Witecki wygrywa Grody

44. Szlakiem Grodów Piastowskich (08-10.05.2009, Pro Liga), etap 3., Głogów - Polkowice, 191.1km

Drukuj

Mariusz Witecki z ekipy Mróz Continental Team wygrał 44. edycję Wyścigu Szlakiem Grodów Piastowskich. Ostatni etap padł łupem Tomasza Smolenia (CCC Polsat), który na mecie w Polkowicach był najszybszy z peletonu.

Mariusz Witecki z ekipy Mróz Continental Team wygrał 44. edycję Wyścigu Szlakiem Grodów Piastowskich.

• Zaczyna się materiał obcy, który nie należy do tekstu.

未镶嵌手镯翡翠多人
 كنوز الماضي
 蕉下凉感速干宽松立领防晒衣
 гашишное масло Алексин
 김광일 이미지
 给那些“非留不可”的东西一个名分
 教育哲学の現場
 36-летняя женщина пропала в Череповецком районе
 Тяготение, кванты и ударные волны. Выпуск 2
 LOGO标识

Ostatni etap padł łupem Tomasza Smolenia (CCC Polsat), który na mecie w Polkowicach był najszybszy z peletonu.
Ostatni etap przebigał z Głogowa do Polkowic i liczył sobie 191 km, a na trasie usytuowanych był pięć premii górskich 2. kategorii. Od peletonu odłączyli się Łukasz Bodnar (CCC Polsat), Artur Detko (DHL - Author) i Robert Bartko (LKT Brandenburg) i Artur Król (Centri della Calzatura). Żaden z kolarzy nie był zagrożeniem dla czołówki klasyfikacji generalnej, więc udało im się odjechać od peletonu na trochę większy dystans.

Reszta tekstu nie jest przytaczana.